Proust Himself
ONLY the outer picture of Marcel Proust’s life is here drawn. The representation of his work and his accomplishment would require more space and more time. But I take this opportunity to urge you to refer to the extraordinary biography of Léon Pierre Quints, which with unusual clearness and objectivity, and at the same time with the most intimate knowledge, treats of the work of Marcel Proust. From it the main facts of this sketch are taken.
I
Proust was born at the end of the Franco-Prussian War, on July 10, 1871, in Paris, the son of a celebrated doctor, of a rich, very rich, middleclass family. But neither the skill of his father nor the fortune of his mother was able to save his childhood. At nine years of age the boy ceased forever to have good health. Returning from a walk in the Bois de Boulogne, he was overcome by an asthmatic spasm, and these dreadful attacks stifled him all his life until he drew his last breath.
Nearly everything is forbidden the child after his ninth year — travel, lively games, exercise, high spirits, everything that means childhood. At an early age he becomes an observer, delicate, high-strung, easily irritated, a being of unheard-of sensitiveness of nerves and perceptions.

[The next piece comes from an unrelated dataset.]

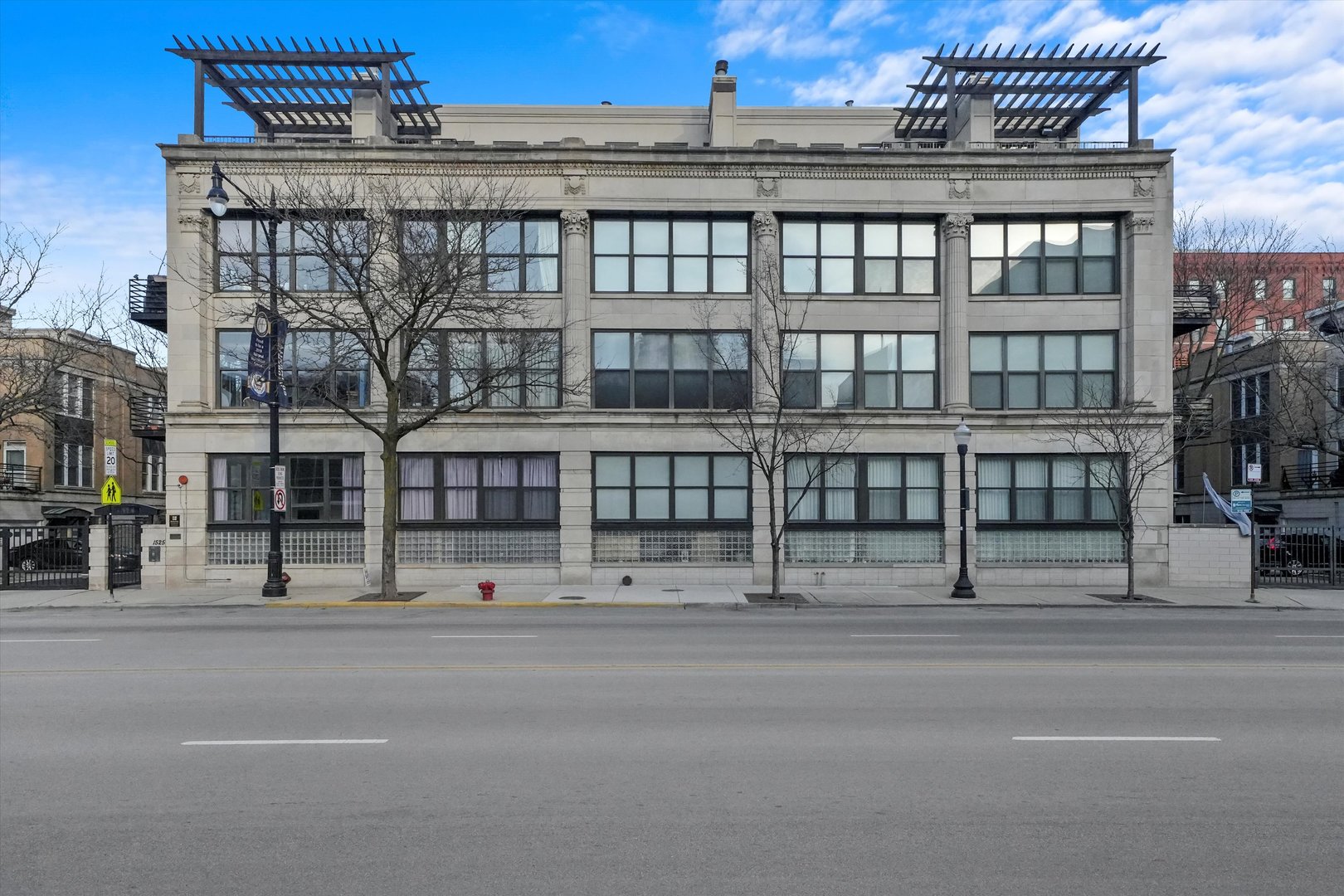 1525 S Michigan Avenue Unit: 204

He loves the country, but only seldom can he see it, and never in spring, for the fine dust pollen, the sultriness and fertility of nature, affect too painfully his sensitive organism. He loves flowers passionately, but cannot go near them. Even when a friend with a carnation in his buttonhole comes into the room, he is compelled to ask him to remove it, and a visit to a drawing-room where flowers are on a table sends him to bed for days. Sometimes he goes driving in a closed carriage, in order to see from behind glass windows the colors and living blossoms he loves; and always he takes with him books, books, books, so that he may read about travel, about the unattainable countries. Once he gets as far as Venice, a few times he reaches the ocean; but each of the trips takes too great a toll of his strength, and finally he confines himself almost exclusively to Paris.

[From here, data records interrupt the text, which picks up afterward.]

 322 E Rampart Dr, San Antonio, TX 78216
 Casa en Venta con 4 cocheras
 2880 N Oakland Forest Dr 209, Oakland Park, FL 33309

All the more keen becomes his perception of everything human — the inflection of voices in a conversation, the ornaments in a woman’s hair, the manner in which someone sits down at a table and gets up from it. All the tinsel ornaments of social life fasten themselves firmly in his memory. His ever-watchful eye catches between flickers of the lid the most minute details; all restraints, variations, meanderings, and hesitations in a conversation — every vibration reaches his ears unchanged. Therefore he is able in his novel to remember for one hundred and fifty pages the conversation of Count Norpois — no breath is lacking, no casual motion, no hesitation, no period. His eye is awake and active to make up for his bodily weakness.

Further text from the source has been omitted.